Yale University history professor Valerie Hansen, in an important essay in Foreign Affairs, urges modern international relations scholars to abandon their predominantly Eurocentric historical analyses and provide a more balanced Euro-Asian approach to understanding the geopolitics of what many have called the Asian century. International relations, she writes, in a review essay of Ayse Zarakol’s Before the West, originated not in the Westphalian European settlement in 1648 but rather in the 13th century with the rise of Genghis Khan’s Mongol empire.

The Mongols under Genghis and his successors constructed the largest contiguous empire in world history centered in the regions that Halford Mackinder described as the “Heartland” and Asian “Coastlands” — which encompass the modern countries of China, Russia, India, the Koreas, Japan, Pakistan, the Central Asian republics, Iran, Turkey, Afghanistan, and much of the Middle East. “Genghis Khan,” Hansen writes, “aspired to rule the entire world, and he conducted diplomatic relations with his neighbors on that basis.” Hansen believes that the Mongol empire and its successor empires — Ming, Mughal, Safavid, and Timurid — have served as models for Asian rulers, including the contemporary rulers of China and Russia. And those earlier Asian empires at times built fleets that journeyed as far as East Africa.

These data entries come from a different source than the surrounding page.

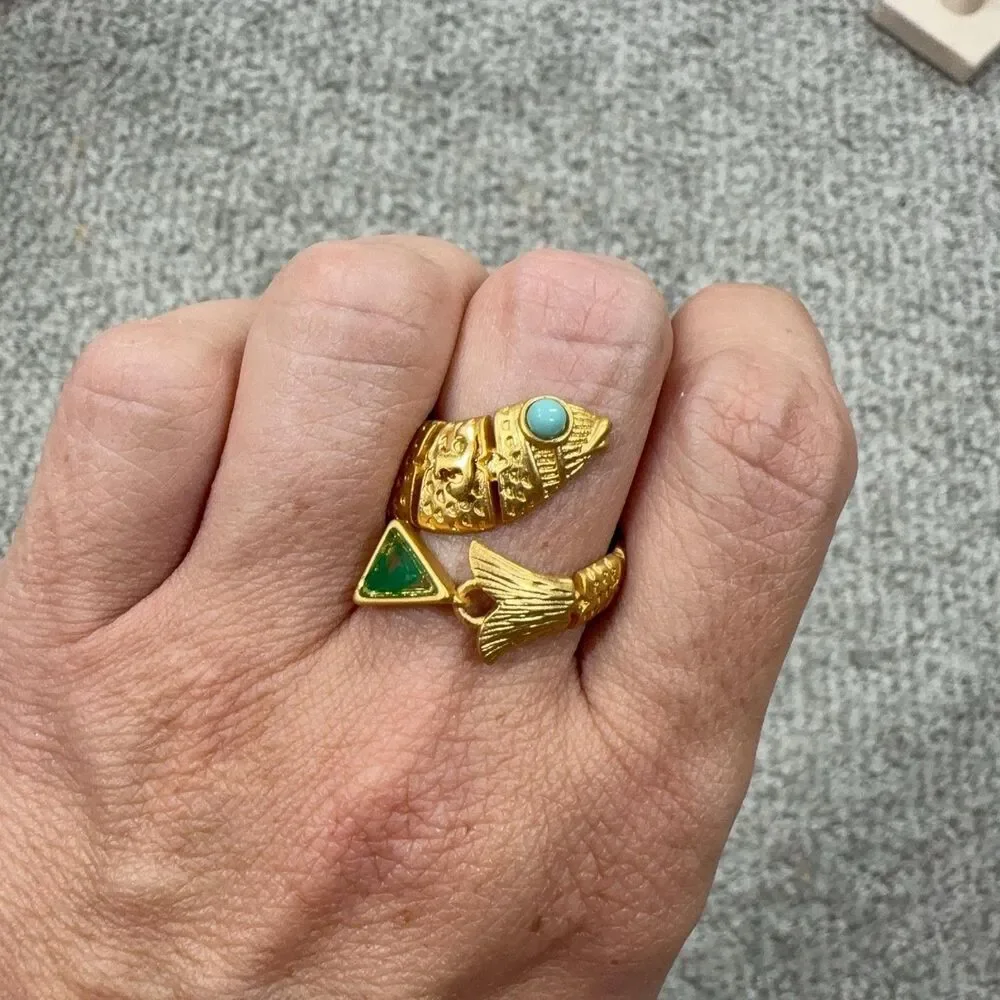Tory Burch Ring 8 Gold Tone Fish Wrap Coastal Green Womens Jewelry Signed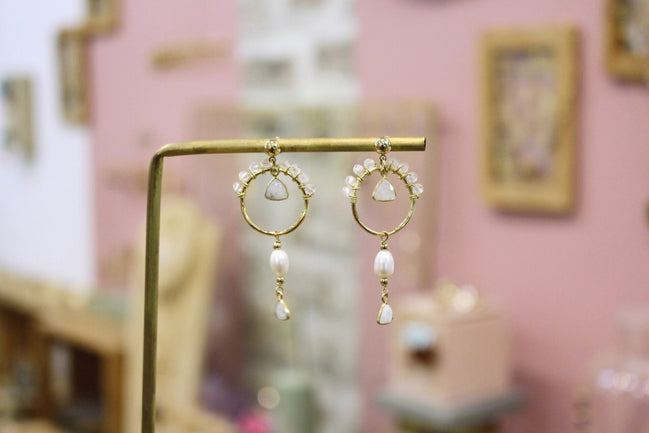 boucles d'oreilles pendantes femme doré blanches perles d'eau douce et pierre de lune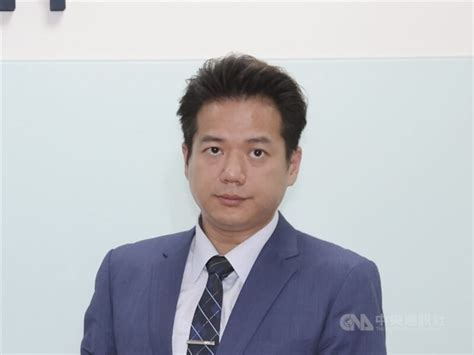 遭指性騷賴香伶前助理 邱臣遠：謹守分際絕無逾矩 政治 中央社 Cna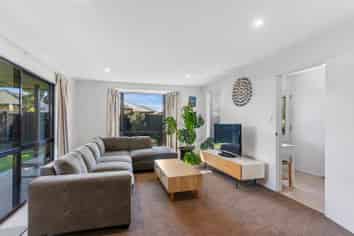 2/119 Withells Road, Avonhead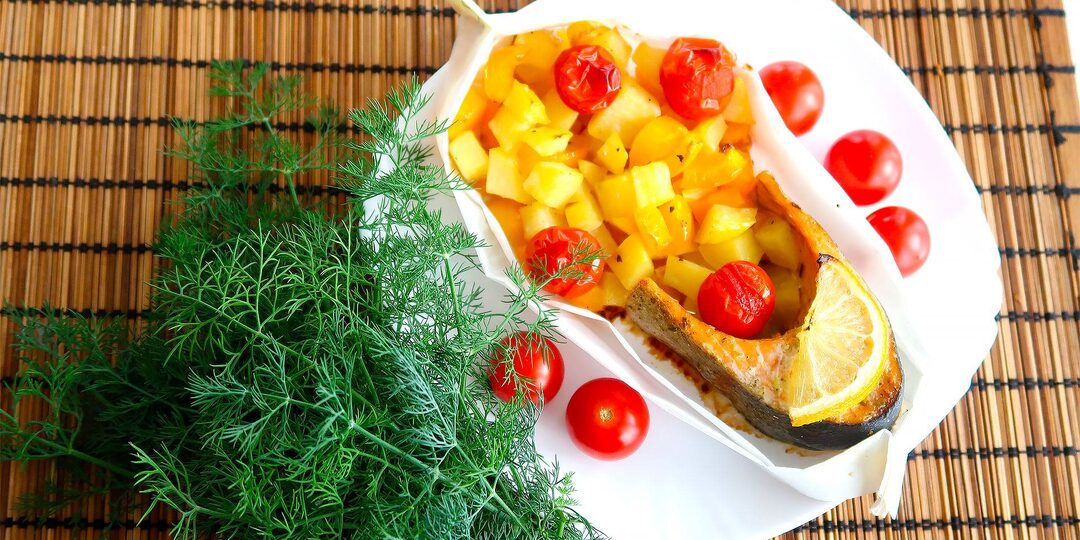 Форель запеченная с овощами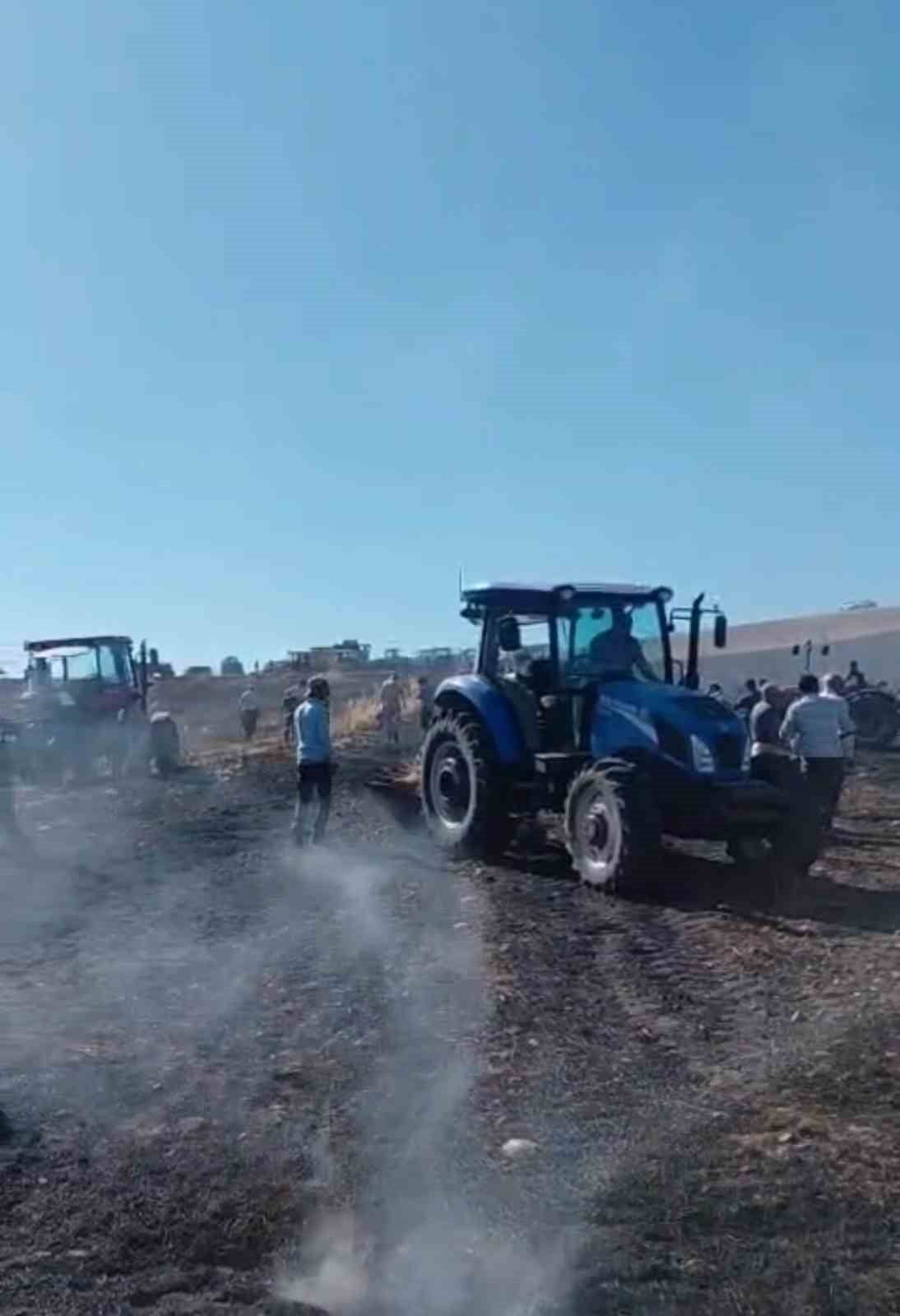SİİRT TE BİÇERDÖVERDEN ÇIKAN YANGINDA 50 DÖNÜM BUĞDAY YANDI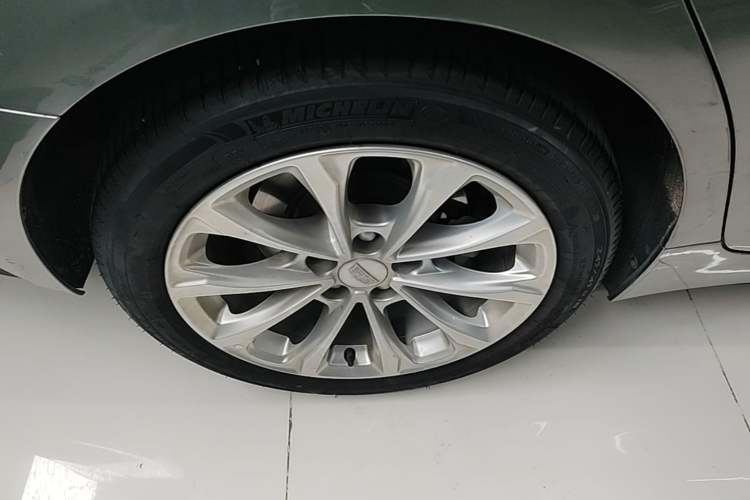 Used Cadillac CT5 2022 28T Luxury Version (Standard Edition) Right Rear Wheel Hub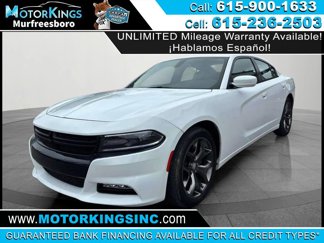 Used 2015 Dodge Charger SXT image 1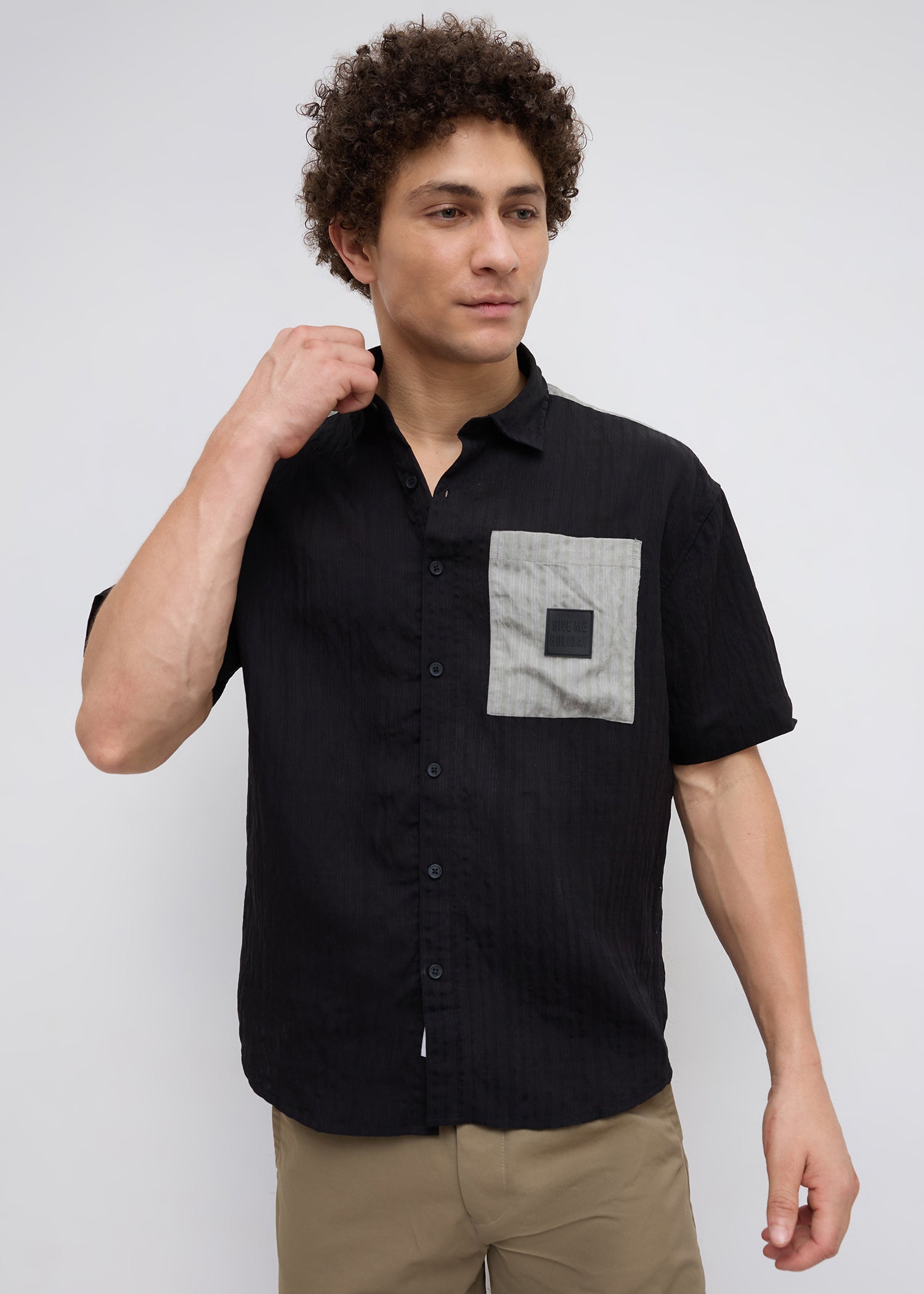 Weyburn Colourblocked Oversized Shirt: Black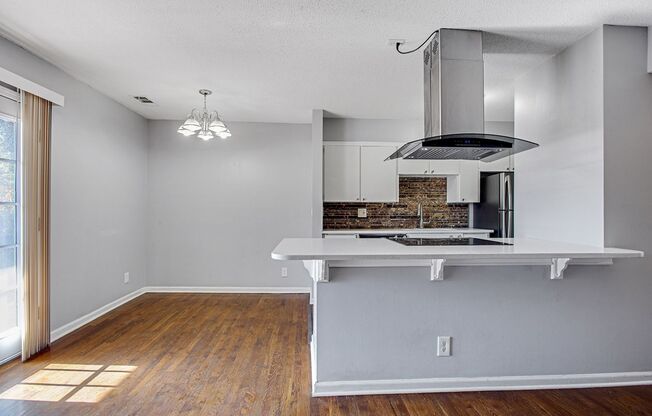 Westport Plaza Apts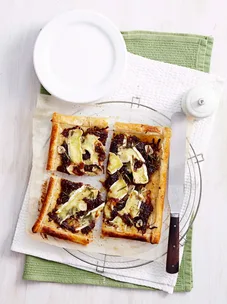 Onion, rosemary and camembert galette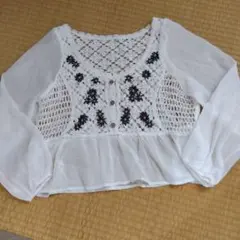 刺繍入りホワイト長袖トップス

The Asian empires were all autocratic with “an extremely high degree of political centralization … subordinating all competing forms of authority” to the ruling elites. In his new book The Story of Russia, historian Orlando Figes explores the lasting impact of Mongol rule on all of Russia’s subsequent political systems. Hansen believes that the Mongol influence extended beyond Russia to China, India, Central Asia, and the Middle East and created a geopolitical outlook known as “Eurasianism.” Hansen credits Zarakol’s view that “the history underlying Eurasianism helps make sense of the events occurring in the territory once ruled by the Mongols.”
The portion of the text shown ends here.